▸ **What to produce**
Type out the data again. Keep every line exactly the same.

Stored dataset items:
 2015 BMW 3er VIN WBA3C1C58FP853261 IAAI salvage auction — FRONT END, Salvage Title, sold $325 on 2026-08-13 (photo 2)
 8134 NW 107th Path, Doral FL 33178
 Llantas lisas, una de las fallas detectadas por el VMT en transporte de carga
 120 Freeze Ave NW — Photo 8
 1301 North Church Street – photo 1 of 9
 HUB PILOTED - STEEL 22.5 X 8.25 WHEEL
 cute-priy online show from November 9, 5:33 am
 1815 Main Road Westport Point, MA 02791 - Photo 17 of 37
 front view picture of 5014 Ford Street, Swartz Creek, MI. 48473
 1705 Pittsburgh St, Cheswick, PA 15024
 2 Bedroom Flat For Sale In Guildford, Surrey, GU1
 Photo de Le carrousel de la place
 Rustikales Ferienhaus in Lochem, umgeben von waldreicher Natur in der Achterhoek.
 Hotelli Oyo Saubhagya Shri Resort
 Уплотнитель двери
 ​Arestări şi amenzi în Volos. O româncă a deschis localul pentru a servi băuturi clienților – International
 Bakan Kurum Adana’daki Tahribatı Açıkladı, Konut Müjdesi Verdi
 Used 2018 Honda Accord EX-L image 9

▸ **Solution for this task**
 2015 BMW 3er VIN WBA3C1C58FP853261 IAAI salvage auction — FRONT END, Salvage Title, sold $325 on 2026-08-13 (photo 2)
 8134 NW 107th Path, Doral FL 33178
 Llantas lisas, una de las fallas detectadas por el VMT en transporte de carga
 120 Freeze Ave NW — Photo 8
 1301 North Church Street – photo 1 of 9
 HUB PILOTED - STEEL 22.5 X 8.25 WHEEL
 cute-priy online show from November 9, 5:33 am
 1815 Main Road Westport Point, MA 02791 - Photo 17 of 37
 front view picture of 5014 Ford Street, Swartz Creek, MI. 48473
 1705 Pittsburgh St, Cheswick, PA 15024
 2 Bedroom Flat For Sale In Guildford, Surrey, GU1
 Photo de Le carrousel de la place
 Rustikales Ferienhaus in Lochem, umgeben von waldreicher Natur in der Achterhoek.
 Hotelli Oyo Saubhagya Shri Resort
 Уплотнитель двери
 ​Arestări şi amenzi în Volos. O româncă a deschis localul pentru a servi băuturi clienților – International
 Bakan Kurum Adana’daki Tahribatı Açıkladı, Konut Müjdesi Verdi
 Used 2018 Honda Accord EX-L image 9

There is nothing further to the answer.